Iran und Demokratie? Shirin Ebadi und die Allafis informieren

Von Fahimeh Farsaie*

Das ist nicht nur mein Preis, es ist unser aller Preis. Er bedeutet, dass der Wunsch der iranischen Nation nach Demokratie und Menschenrechten in der Welt gehört wird«, sagte die Friedensnobelpreisträgerin Shirin Ebadi im Oktober letzten Jahres zu den tausenden Menschen, die auf dem Teheraner Flughafen Mehrabad ihre Rückkehr aus Paris erwartet hatten. In diesem Sinne ist auch das Buch von Katajun Amirpur mit dem Titel »Gott ist mit den Furchtlosen« verfasst. Die 33-jährige Autorin stellt Shirin Ebadi und weitere Vertreter der iranischen Reformbewegung vor, darunter auch Konservative, zeigt politische und gesellschaftliche Zusammenhänge auf und gewährt Einblicke in die Auseinandersetzungen in Iran.

Wenn Iran in den Schlagzeilen ist, deutsche Zeitungsleser etwa – wie in dieser Woche – erfahren, dass das Land erneut von der EU wegen Atomprogramm und Menschenrechtsverletzungen angeprangert wird, weiß er dies kaum einzuordnen. Bücher wie die hier angezeigten – rar genug auf dem deutschen Buchmarkt – können Abhilfe schaffen.
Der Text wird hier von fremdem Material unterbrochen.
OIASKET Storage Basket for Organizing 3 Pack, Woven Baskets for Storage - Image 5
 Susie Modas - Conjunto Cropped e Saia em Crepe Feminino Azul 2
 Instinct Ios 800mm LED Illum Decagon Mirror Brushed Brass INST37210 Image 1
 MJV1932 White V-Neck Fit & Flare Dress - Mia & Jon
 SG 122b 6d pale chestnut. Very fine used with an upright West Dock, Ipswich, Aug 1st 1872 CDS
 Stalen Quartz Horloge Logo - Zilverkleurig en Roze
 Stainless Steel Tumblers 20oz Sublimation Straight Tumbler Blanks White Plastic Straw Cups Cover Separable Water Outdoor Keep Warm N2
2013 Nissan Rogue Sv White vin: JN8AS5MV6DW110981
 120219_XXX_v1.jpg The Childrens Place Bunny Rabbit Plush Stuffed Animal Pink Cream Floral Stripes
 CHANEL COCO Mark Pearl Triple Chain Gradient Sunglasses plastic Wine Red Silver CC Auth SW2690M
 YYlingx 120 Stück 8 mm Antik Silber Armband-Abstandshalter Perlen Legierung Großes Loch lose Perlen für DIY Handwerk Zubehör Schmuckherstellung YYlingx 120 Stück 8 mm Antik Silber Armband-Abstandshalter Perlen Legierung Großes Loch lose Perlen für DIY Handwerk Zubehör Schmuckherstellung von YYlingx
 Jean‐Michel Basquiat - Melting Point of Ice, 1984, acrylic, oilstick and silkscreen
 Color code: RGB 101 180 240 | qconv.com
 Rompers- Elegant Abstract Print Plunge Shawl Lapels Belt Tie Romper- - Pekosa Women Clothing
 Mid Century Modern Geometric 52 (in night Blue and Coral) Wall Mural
Amirpur erzählt den scheinbar »nicht allzu spektakulären« Lebenslauf der Shirin Ebadi: Jurastudium, erste Richterin unter dem Shah-Regime, Anwältin nach der Revolution 1979, betraut mit etlichen brisanten politischen Fälle, Verfasserin vieler Sachbücher, Mitgründerin der »Organisation zum Schutz von Kindern« und Streiterin für Frauenrechte. Man erfährt, dass die Moslemin Ebadi überzeugt ist von der Vereinbarkeit der Menschenrechte mit den Grundsätzen des Islam. Einiges hat sich in Iran schon bewegt: »In den ›bürgerlichen Zusammenhängen‹ treffen sich heute Frauen, die sich damals über verschiedene Kochrezepte unterhalten haben und nun diskutieren sie über ihre Rechte. Ohne demokratische Rechte für Frauen kann man nicht von einer demokratischen Gesellschaft reden.« Man müsse nur an Demokratie glauben, dann sei sie machbar, weiß Ebadi. »Aufklärung ist der erste Schritt zur gesellschaftlichen Bewusstseinsbildung. Mit Gewalt kann man über die aufgeklärten Menschen nicht herrschen.«

Mit Aufklärung und Demokratie beschäftigen sich auch die Autoren des Buches »Iran an der Schwelle zur Demokratie?« Mohammad und Sabine Allafi setzen sich zunächst mit dem Begriff Demokratie auseinander. »Es handelt sich also um die Vergabe von auf eine bestimmte Zeit begrenzten politischen Aufträgen des Volkes an bestimmte Personen durch freie und faire Wahlen.« In diesem Punkt sind sich die iranischen Intellektuellen und alle politischen Akteure der Reformbewegung heute einig. Die Frage lautet nun nur, welche Kräfte und Organisationen im Moment in der Lage sind, den Demokratieprozess in Gang zu setzen.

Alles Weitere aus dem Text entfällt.